(Short web captions)
-=-=-

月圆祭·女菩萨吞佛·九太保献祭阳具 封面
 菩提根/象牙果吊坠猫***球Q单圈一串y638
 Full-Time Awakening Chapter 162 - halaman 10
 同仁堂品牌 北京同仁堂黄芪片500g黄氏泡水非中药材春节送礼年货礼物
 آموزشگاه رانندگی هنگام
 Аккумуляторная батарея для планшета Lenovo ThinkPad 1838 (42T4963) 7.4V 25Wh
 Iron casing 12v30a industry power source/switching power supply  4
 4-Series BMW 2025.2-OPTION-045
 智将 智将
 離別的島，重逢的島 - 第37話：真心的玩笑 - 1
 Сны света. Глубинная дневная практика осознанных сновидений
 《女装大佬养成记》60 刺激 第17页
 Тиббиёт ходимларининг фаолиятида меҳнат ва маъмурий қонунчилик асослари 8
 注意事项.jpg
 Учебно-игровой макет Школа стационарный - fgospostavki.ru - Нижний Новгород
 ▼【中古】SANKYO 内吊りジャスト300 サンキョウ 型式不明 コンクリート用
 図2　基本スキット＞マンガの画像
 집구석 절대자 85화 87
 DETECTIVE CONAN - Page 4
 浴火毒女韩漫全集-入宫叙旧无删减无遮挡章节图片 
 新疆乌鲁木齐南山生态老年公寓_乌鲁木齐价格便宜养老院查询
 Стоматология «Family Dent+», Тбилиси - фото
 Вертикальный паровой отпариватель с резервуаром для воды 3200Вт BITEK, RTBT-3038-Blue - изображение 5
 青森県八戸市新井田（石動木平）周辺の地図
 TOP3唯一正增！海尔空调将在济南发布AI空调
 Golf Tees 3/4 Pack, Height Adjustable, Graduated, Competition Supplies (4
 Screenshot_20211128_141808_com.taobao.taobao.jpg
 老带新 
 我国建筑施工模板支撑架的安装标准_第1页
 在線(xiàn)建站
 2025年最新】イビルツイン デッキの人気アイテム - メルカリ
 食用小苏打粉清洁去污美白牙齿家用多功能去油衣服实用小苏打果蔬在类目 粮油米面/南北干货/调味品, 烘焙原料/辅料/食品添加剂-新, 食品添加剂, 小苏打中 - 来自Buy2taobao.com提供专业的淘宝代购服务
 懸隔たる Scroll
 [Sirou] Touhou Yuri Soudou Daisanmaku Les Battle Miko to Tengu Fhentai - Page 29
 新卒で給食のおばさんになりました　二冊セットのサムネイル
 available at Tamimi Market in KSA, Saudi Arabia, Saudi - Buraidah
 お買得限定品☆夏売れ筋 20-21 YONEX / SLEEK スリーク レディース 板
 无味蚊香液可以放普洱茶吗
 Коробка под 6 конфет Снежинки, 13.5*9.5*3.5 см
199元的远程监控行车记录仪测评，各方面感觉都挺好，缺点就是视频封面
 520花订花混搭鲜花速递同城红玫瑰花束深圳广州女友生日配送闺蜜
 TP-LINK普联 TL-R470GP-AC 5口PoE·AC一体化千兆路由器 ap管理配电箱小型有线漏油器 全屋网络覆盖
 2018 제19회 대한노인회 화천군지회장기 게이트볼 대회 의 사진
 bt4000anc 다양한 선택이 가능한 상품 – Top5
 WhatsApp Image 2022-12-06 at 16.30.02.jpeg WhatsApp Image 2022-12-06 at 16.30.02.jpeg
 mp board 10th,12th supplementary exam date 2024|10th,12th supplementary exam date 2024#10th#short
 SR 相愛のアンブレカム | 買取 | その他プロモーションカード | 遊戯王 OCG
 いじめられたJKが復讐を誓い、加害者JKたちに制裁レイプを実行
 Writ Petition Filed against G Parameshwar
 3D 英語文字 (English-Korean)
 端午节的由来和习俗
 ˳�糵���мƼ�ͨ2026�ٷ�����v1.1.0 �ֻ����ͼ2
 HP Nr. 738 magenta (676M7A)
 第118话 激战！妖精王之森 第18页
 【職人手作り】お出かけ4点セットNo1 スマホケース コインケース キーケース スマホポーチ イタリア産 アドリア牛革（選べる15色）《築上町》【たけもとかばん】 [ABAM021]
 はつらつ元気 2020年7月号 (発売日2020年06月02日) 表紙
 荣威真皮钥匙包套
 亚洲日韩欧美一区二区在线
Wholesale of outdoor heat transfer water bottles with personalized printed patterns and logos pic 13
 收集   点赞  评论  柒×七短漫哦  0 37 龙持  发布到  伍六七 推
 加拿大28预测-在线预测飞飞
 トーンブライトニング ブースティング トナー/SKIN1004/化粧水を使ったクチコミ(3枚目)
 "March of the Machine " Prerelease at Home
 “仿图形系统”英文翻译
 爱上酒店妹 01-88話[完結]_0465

-=-=-

▶ _What needs to be done_
Every entry above needs to be duplicated exactly.

▶ _Output_
月圆祭·女菩萨吞佛·九太保献祭阳具 封面
 菩提根/象牙果吊坠猫***球Q单圈一串y638
 Full-Time Awakening Chapter 162 - halaman 10
 同仁堂品牌 北京同仁堂黄芪片500g黄氏泡水非中药材春节送礼年货礼物
 آموزشگاه رانندگی هنگام
 Аккумуляторная батарея для планшета Lenovo ThinkPad 1838 (42T4963) 7.4V 25Wh
 Iron casing 12v30a industry power source/switching power supply  4
 4-Series BMW 2025.2-OPTION-045
 智将 智将
 離別的島，重逢的島 - 第37話：真心的玩笑 - 1
 Сны света. Глубинная дневная практика осознанных сновидений
 《女装大佬养成记》60 刺激 第17页
 Тиббиёт ходимларининг фаолиятида меҳнат ва маъмурий қонунчилик асослари 8
 注意事项.jpg
 Учебно-игровой макет Школа стационарный - fgospostavki.ru - Нижний Новгород
 ▼【中古】SANKYO 内吊りジャスト300 サンキョウ 型式不明 コンクリート用
 図2　基本スキット＞マンガの画像
 집구석 절대자 85화 87
 DETECTIVE CONAN - Page 4
 浴火毒女韩漫全集-入宫叙旧无删减无遮挡章节图片 
 新疆乌鲁木齐南山生态老年公寓_乌鲁木齐价格便宜养老院查询
 Стоматология «Family Dent+», Тбилиси - фото
 Вертикальный паровой отпариватель с резервуаром для воды 3200Вт BITEK, RTBT-3038-Blue - изображение 5
 青森県八戸市新井田（石動木平）周辺の地図
 TOP3唯一正增！海尔空调将在济南发布AI空调
 Golf Tees 3/4 Pack, Height Adjustable, Graduated, Competition Supplies (4
 Screenshot_20211128_141808_com.taobao.taobao.jpg
 老带新 
 我国建筑施工模板支撑架的安装标准_第1页
 在線(xiàn)建站
 2025年最新】イビルツイン デッキの人気アイテム - メルカリ
 食用小苏打粉清洁去污美白牙齿家用多功能去油衣服实用小苏打果蔬在类目 粮油米面/南北干货/调味品, 烘焙原料/辅料/食品添加剂-新, 食品添加剂, 小苏打中 - 来自Buy2taobao.com提供专业的淘宝代购服务
 懸隔たる Scroll
 [Sirou] Touhou Yuri Soudou Daisanmaku Les Battle Miko to Tengu Fhentai - Page 29
 新卒で給食のおばさんになりました　二冊セットのサムネイル
 available at Tamimi Market in KSA, Saudi Arabia, Saudi - Buraidah
 お買得限定品☆夏売れ筋 20-21 YONEX / SLEEK スリーク レディース 板
 无味蚊香液可以放普洱茶吗
 Коробка под 6 конфет Снежинки, 13.5*9.5*3.5 см
199元的远程监控行车记录仪测评，各方面感觉都挺好，缺点就是视频封面
 520花订花混搭鲜花速递同城红玫瑰花束深圳广州女友生日配送闺蜜
 TP-LINK普联 TL-R470GP-AC 5口PoE·AC一体化千兆路由器 ap管理配电箱小型有线漏油器 全屋网络覆盖
 2018 제19회 대한노인회 화천군지회장기 게이트볼 대회 의 사진
 bt4000anc 다양한 선택이 가능한 상품 – Top5
 WhatsApp Image 2022-12-06 at 16.30.02.jpeg WhatsApp Image 2022-12-06 at 16.30.02.jpeg
 mp board 10th,12th supplementary exam date 2024|10th,12th supplementary exam date 2024#10th#short
 SR 相愛のアンブレカム | 買取 | その他プロモーションカード | 遊戯王 OCG
 いじめられたJKが復讐を誓い、加害者JKたちに制裁レイプを実行
 Writ Petition Filed against G Parameshwar
 3D 英語文字 (English-Korean)
 端午节的由来和习俗
 ˳�糵���мƼ�ͨ2026�ٷ�����v1.1.0 �ֻ����ͼ2
 HP Nr. 738 magenta (676M7A)
 第118话 激战！妖精王之森 第18页
 【職人手作り】お出かけ4点セットNo1 スマホケース コインケース キーケース スマホポーチ イタリア産 アドリア牛革（選べる15色）《築上町》【たけもとかばん】 [ABAM021]
 はつらつ元気 2020年7月号 (発売日2020年06月02日) 表紙
 荣威真皮钥匙包套
 亚洲日韩欧美一区二区在线
Wholesale of outdoor heat transfer water bottles with personalized printed patterns and logos pic 13
 收集   点赞  评论  柒×七短漫哦  0 37 龙持  发布到  伍六七 推
 加拿大28预测-在线预测飞飞
 トーンブライトニング ブースティング トナー/SKIN1004/化粧水を使ったクチコミ(3枚目)
 "March of the Machine " Prerelease at Home
 “仿图形系统”英文翻译
 爱上酒店妹 01-88話[完結]_0465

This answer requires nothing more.